ICG argues that the militant al-Shabaab movement has built a cross-border presence and a clandestine support network among Muslim populations in the northeast, Nairobi and along the Swahili coast. It is trying to radicalize and recruit youth from these communities, often capitalizing on long-standing grievances against the national government. This problem could grow more severe with the October 2011 intervention into Somalia by Kenyan military forces.
Radicalization is a grave threat to Kenya's security and stability.

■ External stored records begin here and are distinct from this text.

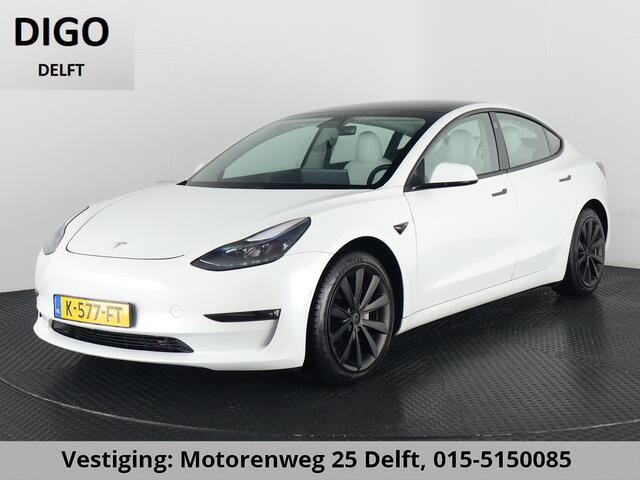 Tesla Model 3 LONGRANGE AWD 1e EIG ACCU SOD 92% ! GARANTIE 2031* RANGE TOT 592 KM WLTP !!! BIJNA 2021 .TREKHAAK . PANORAMA DAK . VOOR & ACHTERSTOELEN VERWARMD . KEYLESS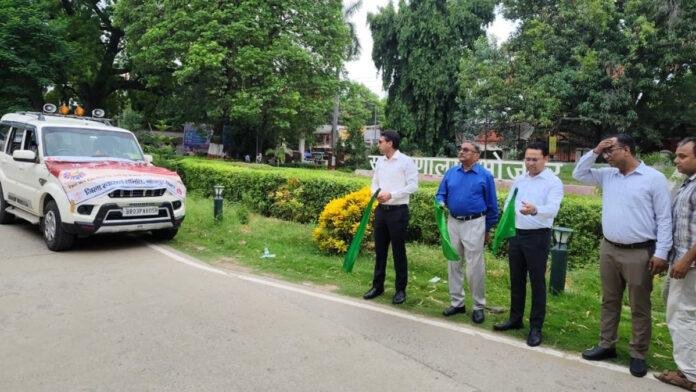 Ara DM TB मुक्त भारत अभियान को लेकर DM व सिविल सर्जन ने RBSK टीम के दल को हरी झंडी दिखाकर किया रवाना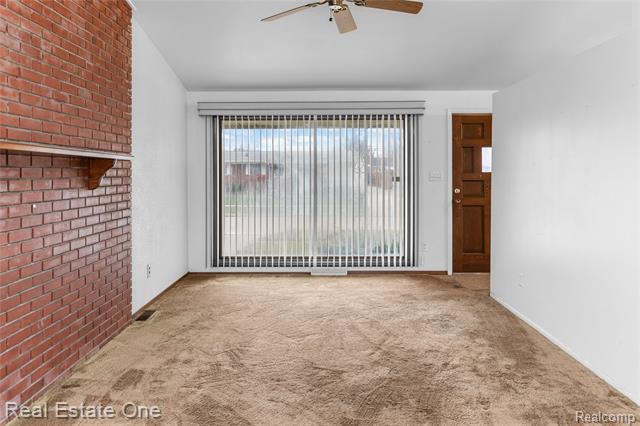 Builiding view nine for 13918 Huntington, Riverview, MI. 48193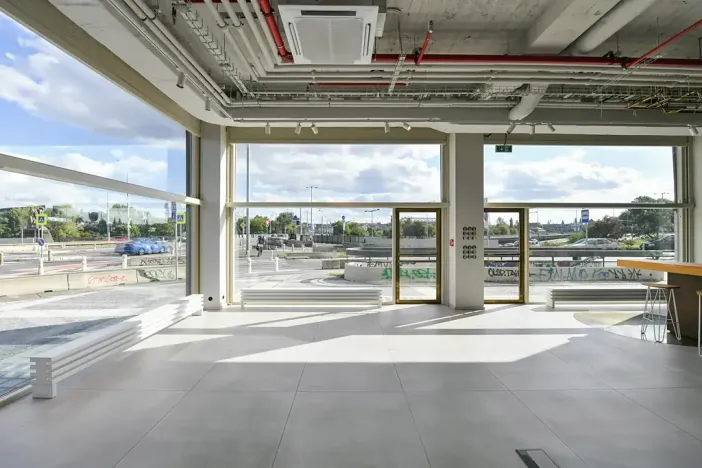 Pronájem obchodního prostoru, Praha - Holešovice, Bubenská, 242 m2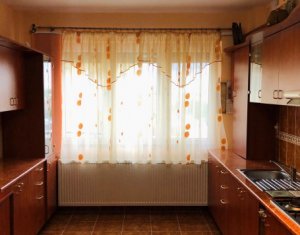 Appartement 3 chambres à vendre dans Cluj-napoca, zone Zorilor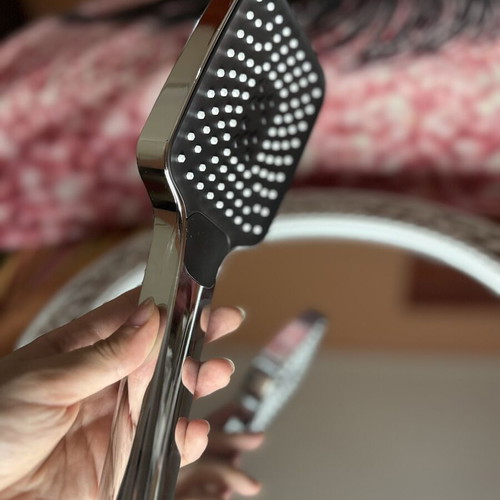 Shower Head metallic design, like new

It would be a mistake, however, to respond to the challenge solely through a counterterrorism strategy.
The ICG proposes the following Kenyan government response:
- Recognize that a blanket or draconian crackdown on Kenyan Somalis, or Kenyan Muslims in general, would radicalize more individuals and add to the threat of domestic terrorism.
- Although there is a link between radicalization and terrorism,countertrerrorism tactics aimed only at stopping al-Shabaab and other militant groups should not become the only official response.
- Allocate additional developmental resources to North Eastern Province.
- Study madrases, perhaps through a local university, to learn which are most radical and influential, both to better understand the problem of radicalization and to moderate extremist teachings; create a Muslim Advisory Council of respected leaders, open to hardliners, but representing all Kenyan Muslims.
- Develop a process, with community input, for selection of a Grand Mufti in Kenya.